Materials and methods
The decision analysis model was developed using Microsoft Excel (Microsoft Corporation, Redmond, Washington, USA). ECS was defined as cesarean section performed before onset of labor and rupture of membranes. There were two parts to the analysis: an individual-based analysis and a population-based analysis. While the individual-based analysis presents the per-patient costs and outcomes of ECS, the population-based analysis provides broader information on group cost and outcome changes for policy decisions and other applications.
An individual-based analysis was conducted to assess the costs and outcomes of different strategies to prevent vertical transmission of HIV on an individual level (i.e., the cost and outcome per HIV-infected pregnant woman). The modeling was based on pregnant women known to be HIV-infected. Each woman was assumed to have received HIV counseling and testing according to current US Public Health Service (USPHS) recommendations .
The costs and outcomes of ECS versus vaginal delivery were examined in three antiretroviral therapy (ART) scenarios: no ART, ZDV only, or combination ART. According to current USPHS guidelines , it is recommended that HIV-infected pregnant women and their infants receive ZDV prophylaxis. Although significant progress has been made in implementing these recommendations [10–13], some HIV-infected women and their infants do not receive ZDV prophylaxis or any other ART. Finally, an increasing proportion of HIV-infected women are receiving combination ART during pregnancy [10,14] for their own health, according to current USPHS guidelines .

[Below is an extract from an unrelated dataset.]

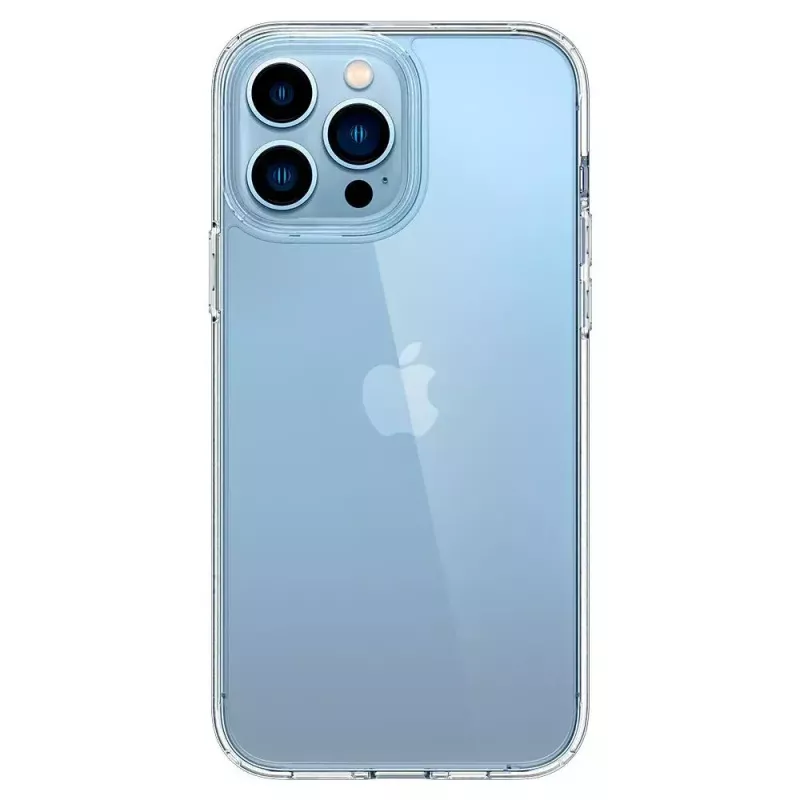 Handyhülle Spigen ACS03204 iPhone 13 Pro Max Transparent 6,7 Zoll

Delivery of the infant was assumed to occur either via ECS or vaginal delivery. We assumed that all women not receiving ECS delivered vaginally.

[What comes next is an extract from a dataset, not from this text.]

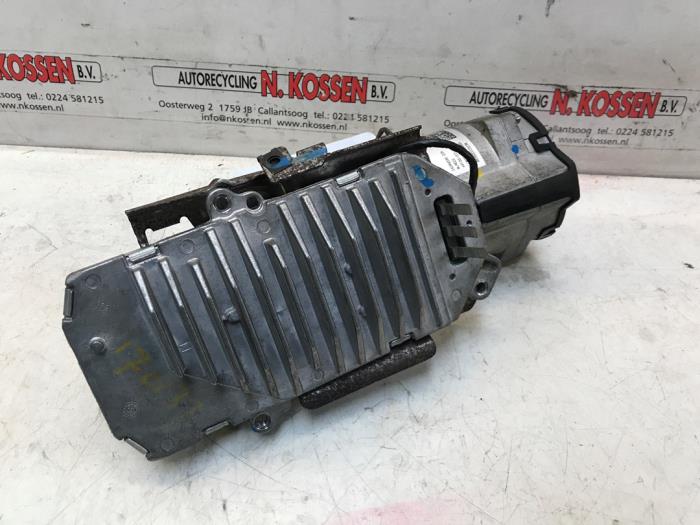 Electric power steering unit Fiat Panda 2609658020A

Refraining from breastfeeding is an important component of preventing vertical HIV transmission . Since breastfeeding by HIV-infected women is extremely uncommon in the US [11,16], the model assumed HIV-infected women refrain from breastfeeding following delivery. As all children were assumed to receive formula, the cost of formula was not included in the model.
The model was developed from a health-care system perspective; therefore, only direct costs associated with ART and delivery, as well as discounted lifetime medical care for the HIV-infected child, were included. Indirect costs such as lost wages and direct non-medical costs such as transportation to medical care facilities were not incorporated. For HIV-infected women, the model time frame includes pregnancy, delivery, and the postpartum period. The model did not include costs of treatment of maternal HIV disease (except for combination ART received during pregnancy) or costs of routine pregnancy care not related to prevention of vertical transmission of HIV (such as ultrasonography for dating of pregnancy). Remote costs related to performance of ECS, such as need for subsequent cesarean delivery, also were not included. Further, as the model incorporated use of ART for only a relatively short period of time (3.2 months), no subsequent impact of this therapy on maternal health was assumed.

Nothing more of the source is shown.